*Task:*
Using the material below, print a verbatim copy of every line from the one containing "Screwless Flatplate Stainless" through the one containing "Дизайн Элементов Векторного", inclusive, and omit the pictures.

*Records for the task:*
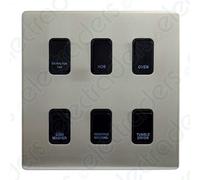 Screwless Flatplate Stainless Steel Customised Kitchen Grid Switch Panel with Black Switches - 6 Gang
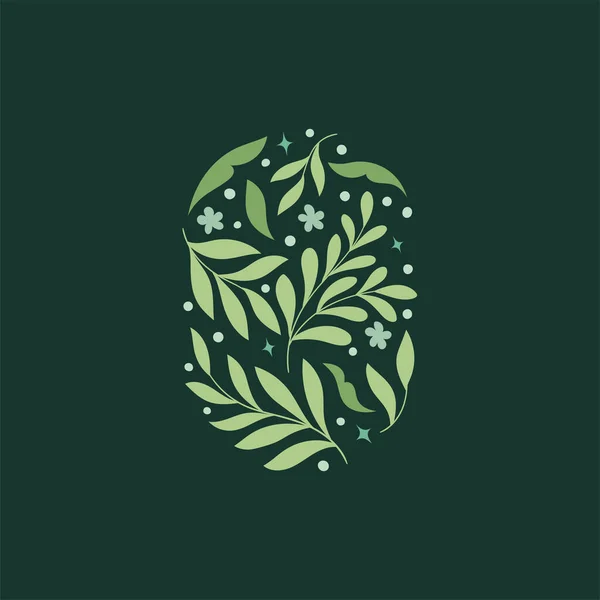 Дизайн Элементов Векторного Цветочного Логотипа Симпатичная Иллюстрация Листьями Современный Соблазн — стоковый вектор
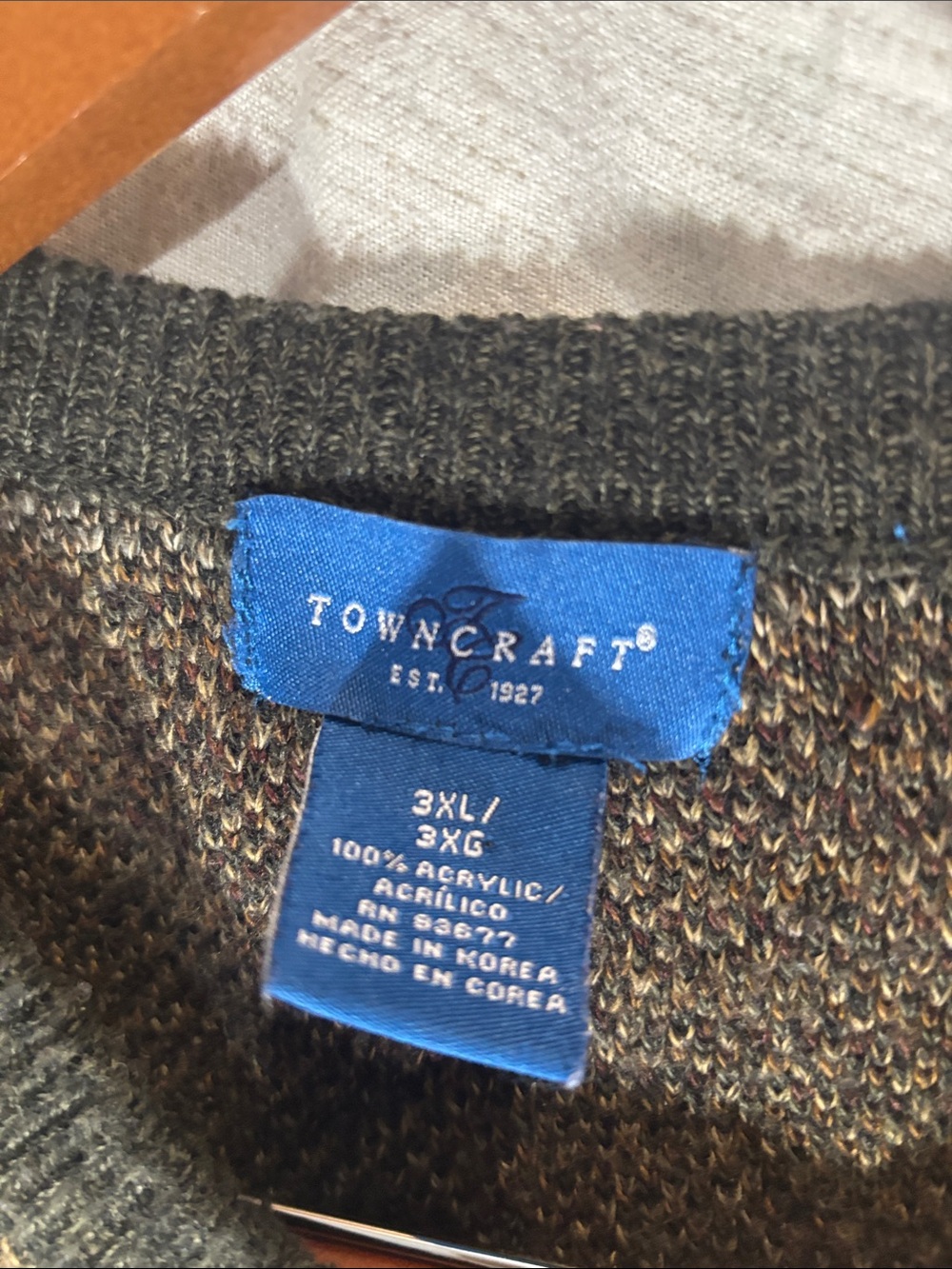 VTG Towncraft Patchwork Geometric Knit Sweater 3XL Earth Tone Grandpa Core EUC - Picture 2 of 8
---
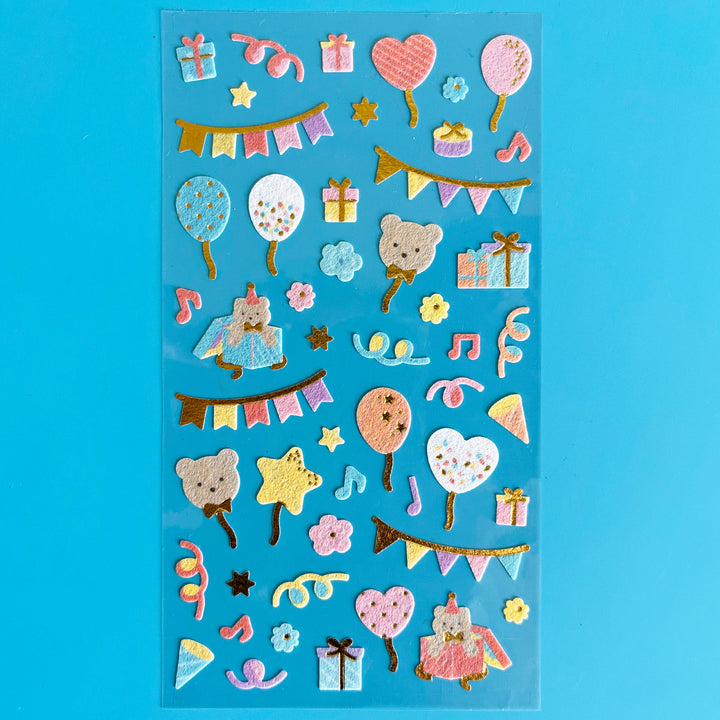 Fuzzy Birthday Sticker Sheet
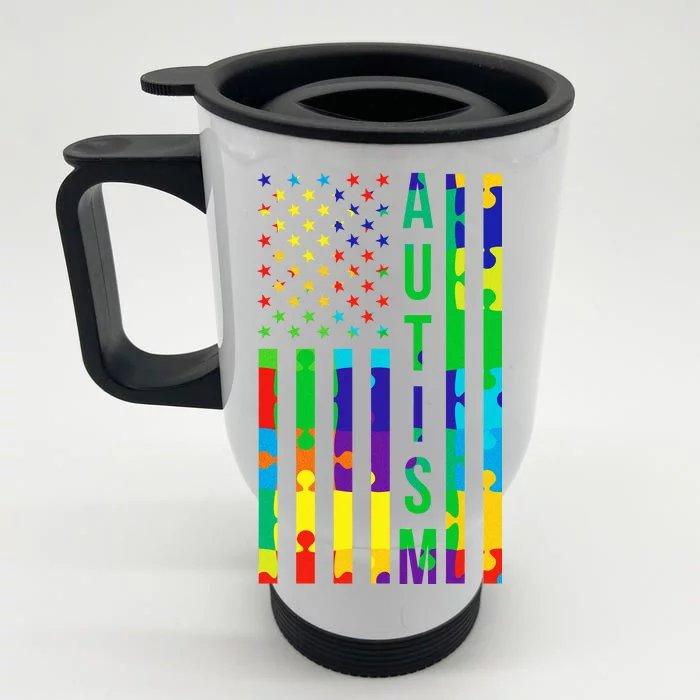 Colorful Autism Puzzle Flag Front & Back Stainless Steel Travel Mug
...
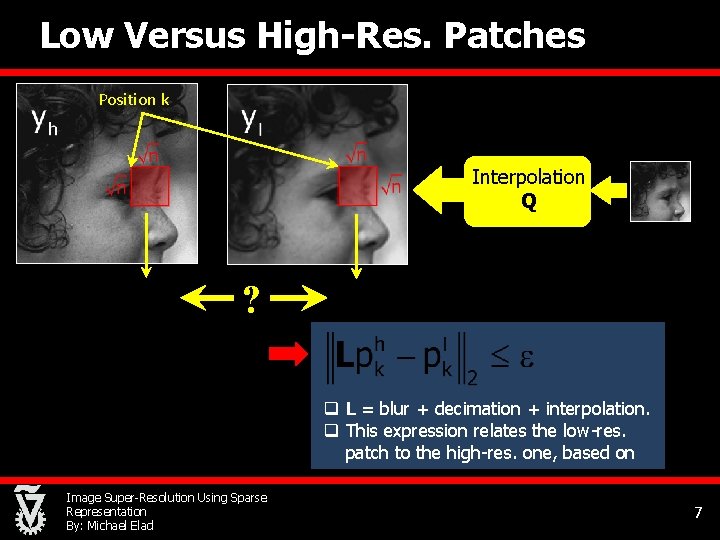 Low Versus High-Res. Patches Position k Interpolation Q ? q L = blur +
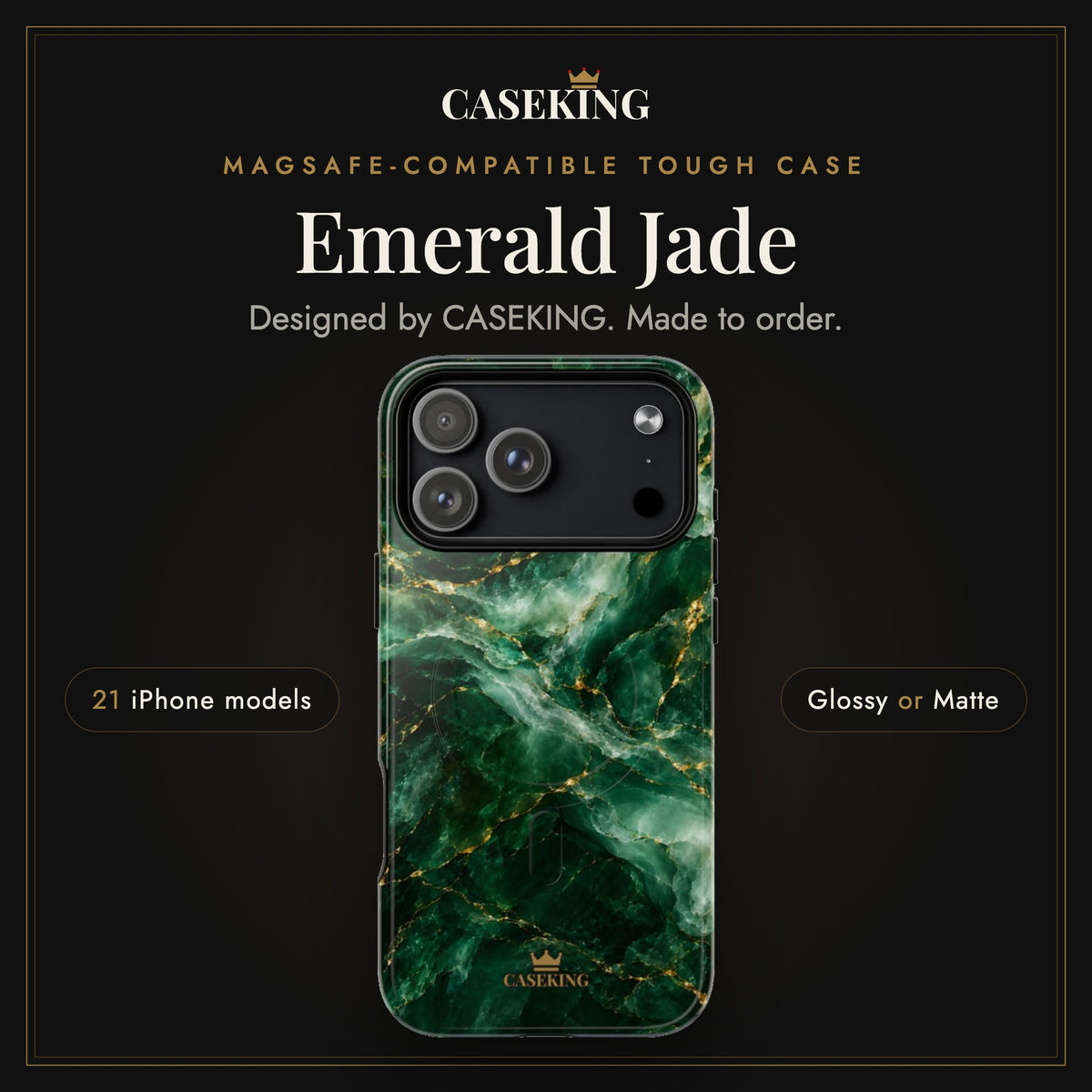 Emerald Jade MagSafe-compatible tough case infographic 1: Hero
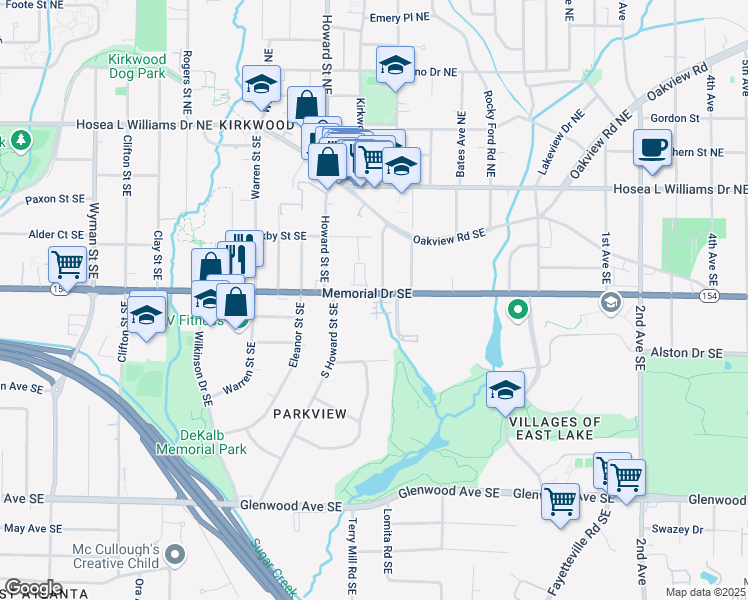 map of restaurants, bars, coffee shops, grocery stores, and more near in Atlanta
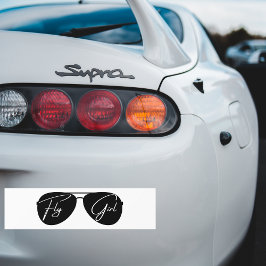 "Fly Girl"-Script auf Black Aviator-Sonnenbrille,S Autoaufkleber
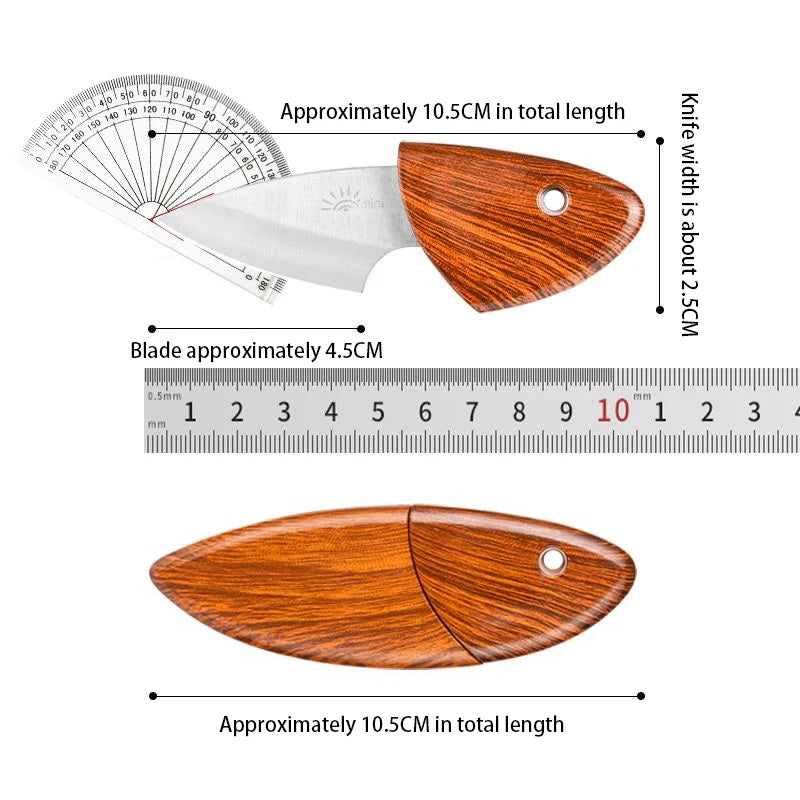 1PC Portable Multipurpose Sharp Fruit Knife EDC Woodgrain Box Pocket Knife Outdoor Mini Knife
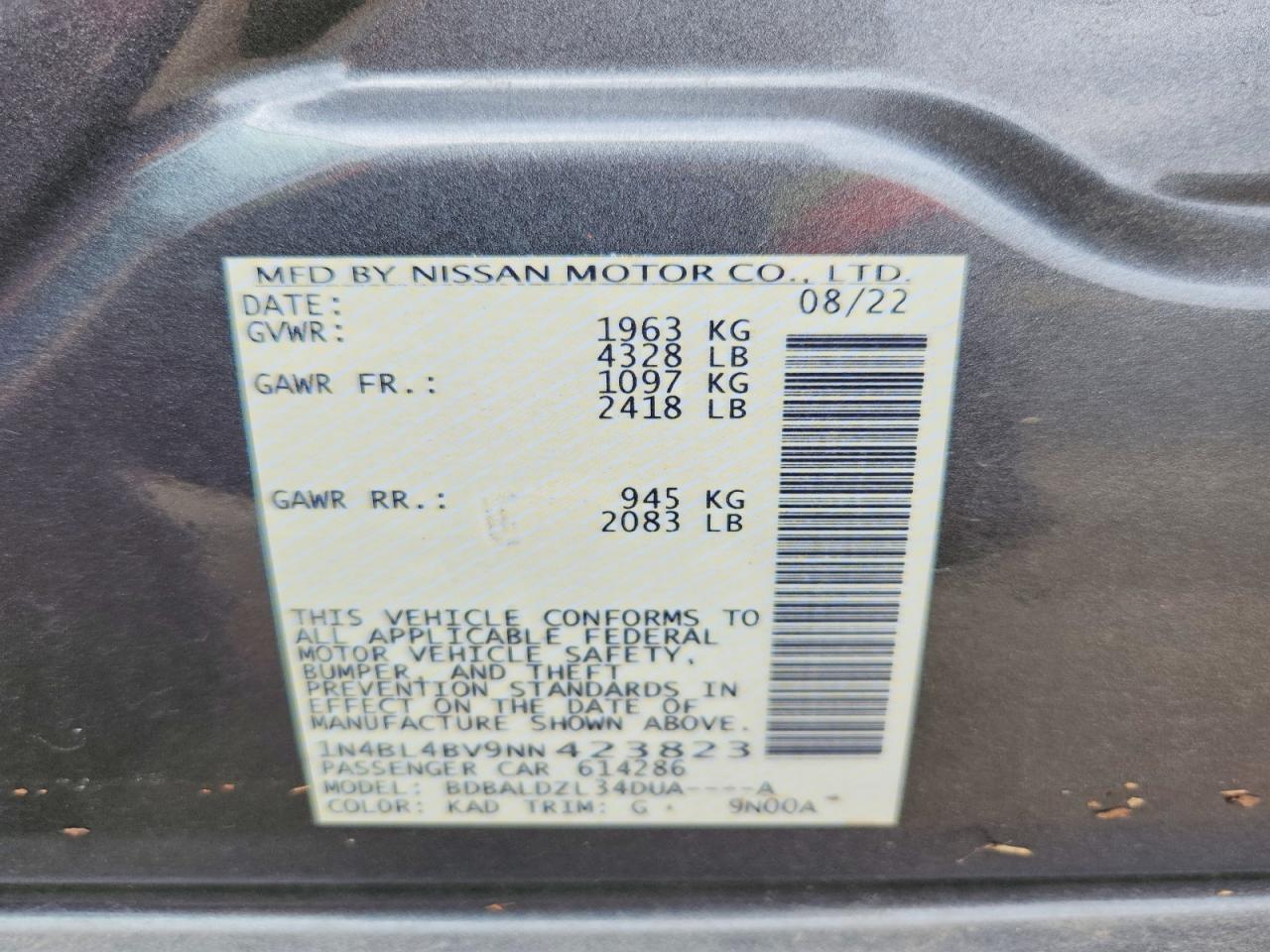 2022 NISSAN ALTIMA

*Reply:*
 Screwless Flatplate Stainless Steel Customised Kitchen Grid Switch Panel with Black Switches - 6 Gang
 Дизайн Элементов Векторного Цветочного Логотипа Симпатичная Иллюстрация Листьями Современный Соблазн — стоковый вектор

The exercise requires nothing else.